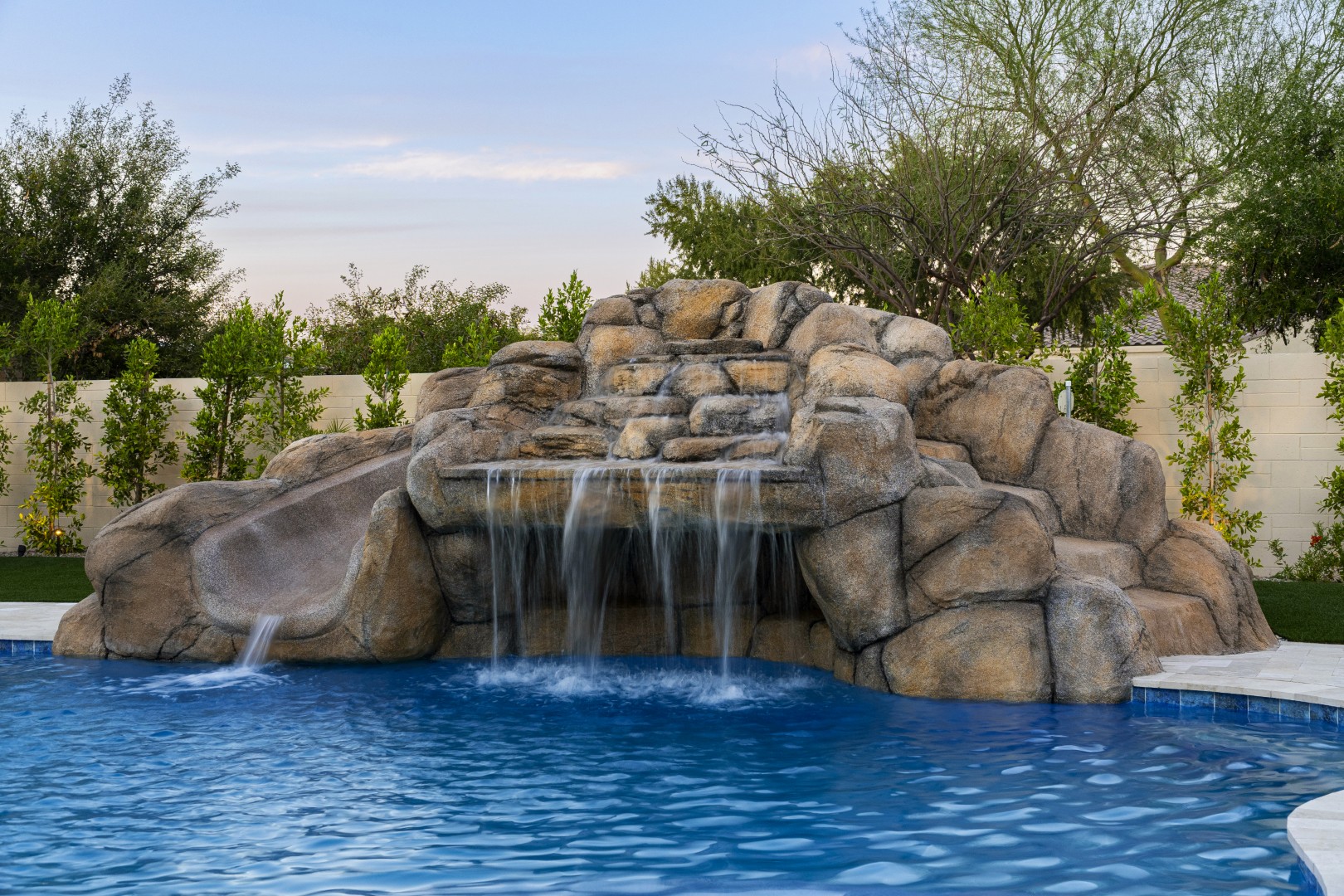 Custom pool with rock waterfall on Quantum Way in Mesa, AZ by Envy Pools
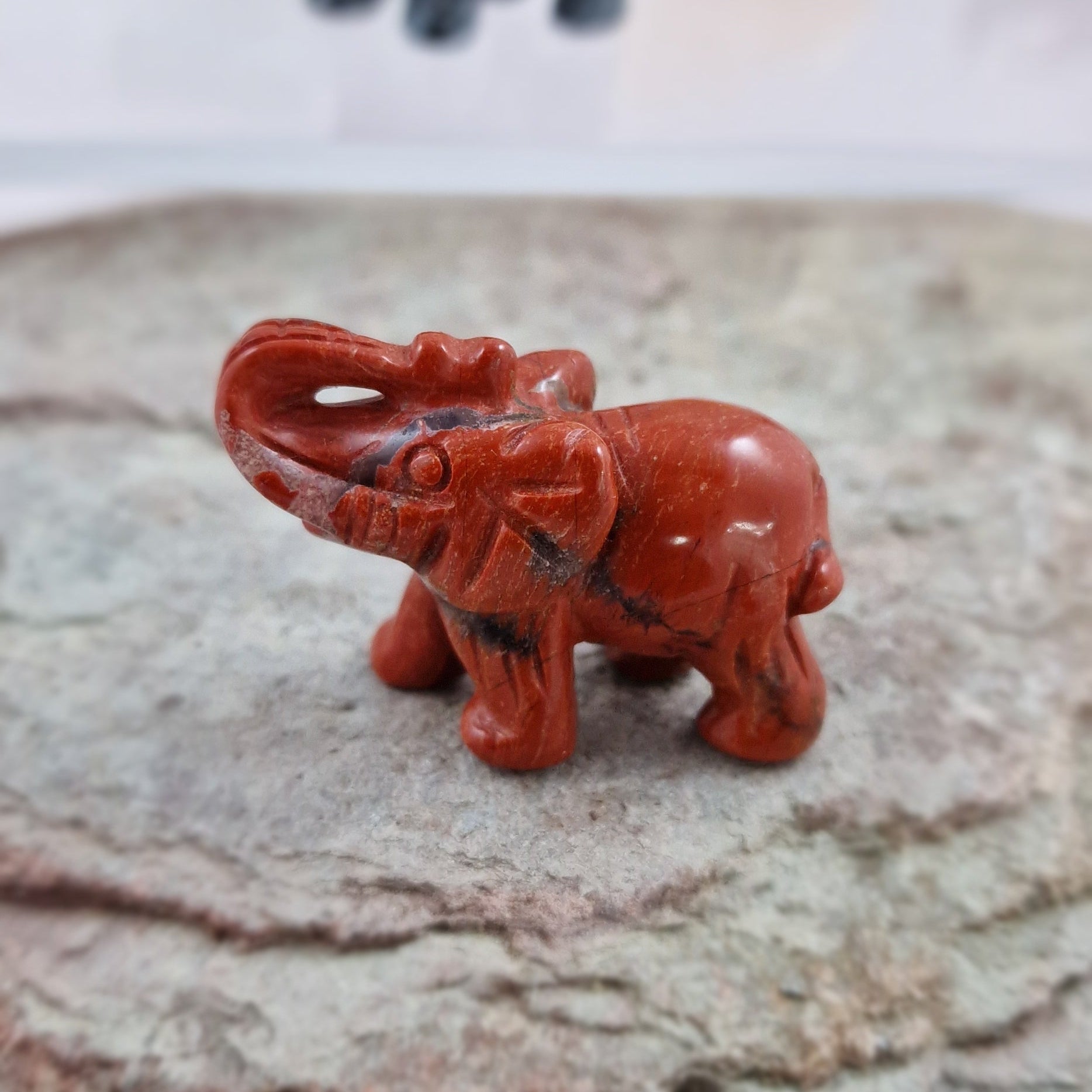 Red Jasper elephant on a rock with other crystal elephants in the background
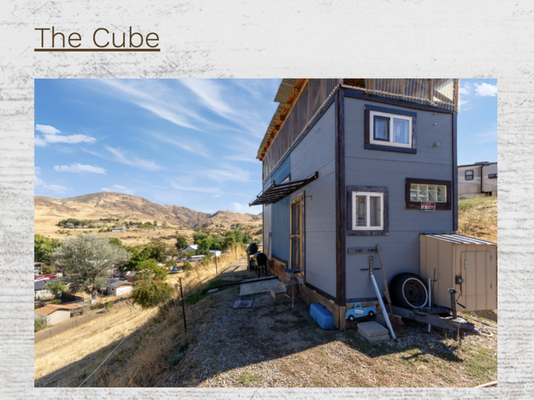 The Cube $60 - ($65 + $40 a night after)

We are an affordable, unique stay where travelers smile and give 5 star reviews.  We are a safe and secure property; a small where everybody knows your name town. The Cube has great views.  Try the hammock. You just might decide to sleep in it. New Tuft & Needle queen topper. NOTE!, starting in November, this will be a dry rental, no shower, no sink water.  You can rent at a reduced price of $40 and still use the toilet. (you have to fill the tank with a gallon jug of water)  Free spring water!

There are no domestic free range animals on this  2 acre property.  There are wild turkeys, quail, and deer.  My wife and I enjoy the different views thru each window.  The bean bag chairs work perfectly in the lounging loft. You can set a drink on either windowsill while watching a DVD movie on the big screen.  Note that the TV viewing tilts in all directions so you can watch it from the hammock, too. We changed the roof on the third level to a repurposed used metal. We allow one dog for $20.  No cats.  We give you 5 local discount cards to eat and save money by supporting Horseshoe Bend businesses. If you’re hunting or ATVing,  we have room for trailers.

2 Guests, $20 cleaning fee, pets allowed for an additional $20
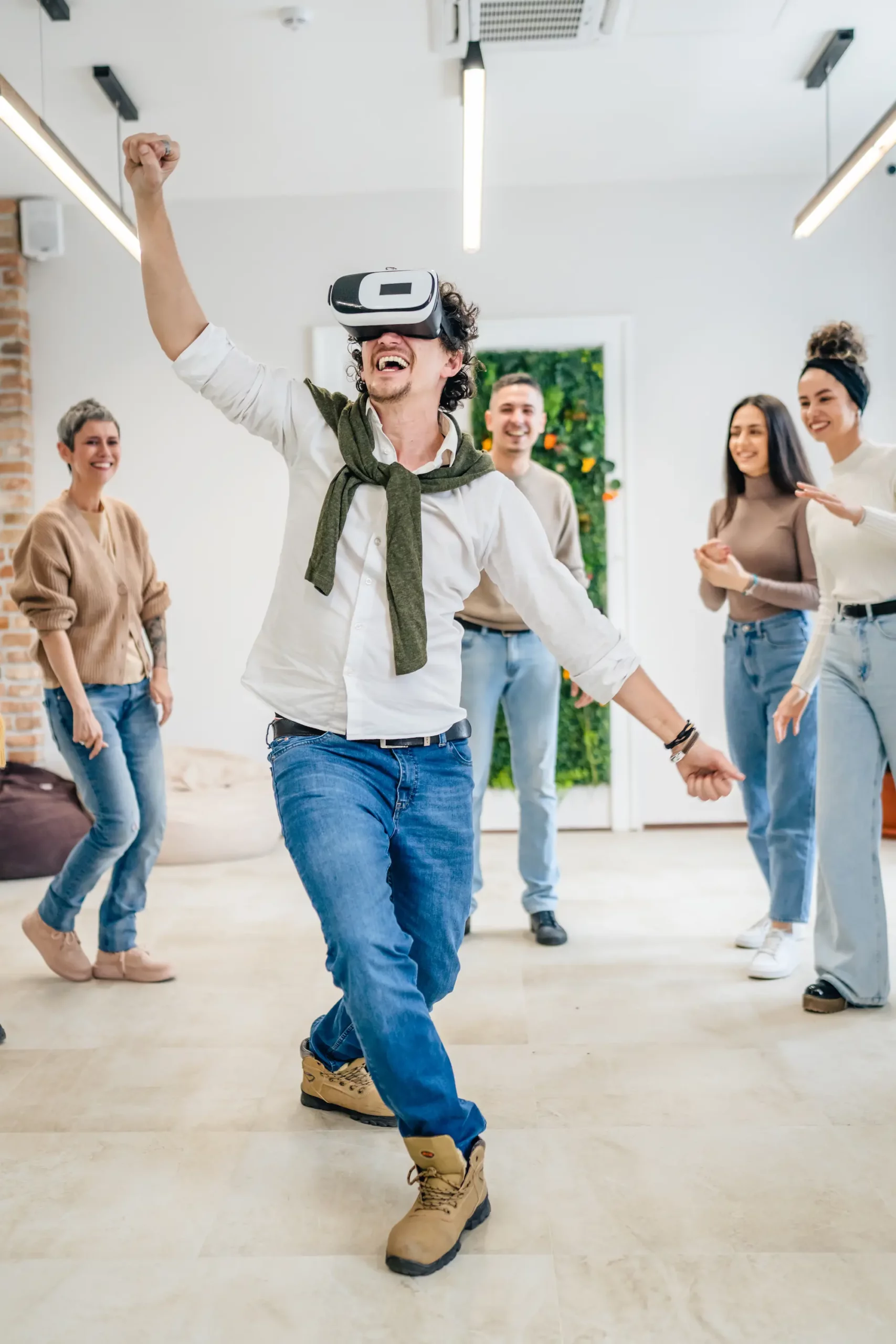 ADOBESTOCK_587117850 SCALED | Cekome Homme portant un casque de réalité virtuelle dansant joyeusement devant un groupe de personnes souriantes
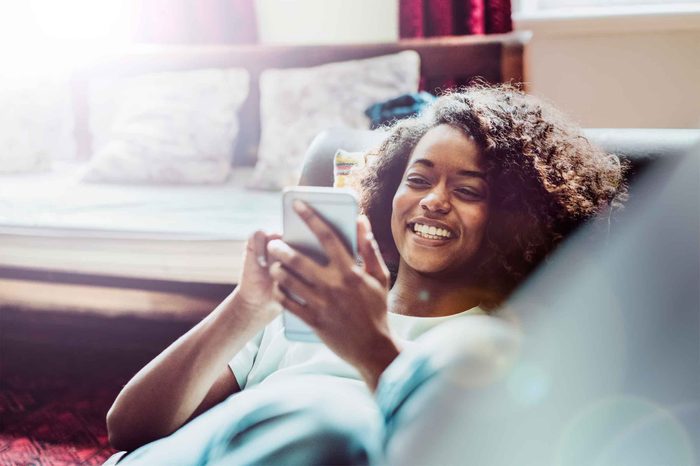 Woman lying on the couch using her cell phone.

Instructions to follow:
Give an exact copy of the material, leaving out every picture.

Solved exercise:
 Custom pool with rock waterfall on Quantum Way in Mesa, AZ by Envy Pools
 Red Jasper elephant on a rock with other crystal elephants in the background
 The Cube $60 - ($65 + $40 a night after)

We are an affordable, unique stay where travelers smile and give 5 star reviews.  We are a safe and secure property; a small where everybody knows your name town. The Cube has great views.  Try the hammock. You just might decide to sleep in it. New Tuft & Needle queen topper. NOTE!, starting in November, this will be a dry rental, no shower, no sink water.  You can rent at a reduced price of $40 and still use the toilet. (you have to fill the tank with a gallon jug of water)  Free spring water!

There are no domestic free range animals on this  2 acre property.  There are wild turkeys, quail, and deer.  My wife and I enjoy the different views thru each window.  The bean bag chairs work perfectly in the lounging loft. You can set a drink on either windowsill while watching a DVD movie on the big screen.  Note that the TV viewing tilts in all directions so you can watch it from the hammock, too. We changed the roof on the third level to a repurposed used metal. We allow one dog for $20.  No cats.  We give you 5 local discount cards to eat and save money by supporting Horseshoe Bend businesses. If you’re hunting or ATVing,  we have room for trailers.

2 Guests, $20 cleaning fee, pets allowed for an additional $20
 ADOBESTOCK_587117850 SCALED | Cekome Homme portant un casque de réalité virtuelle dansant joyeusement devant un groupe de personnes souriantes
 Woman lying on the couch using her cell phone.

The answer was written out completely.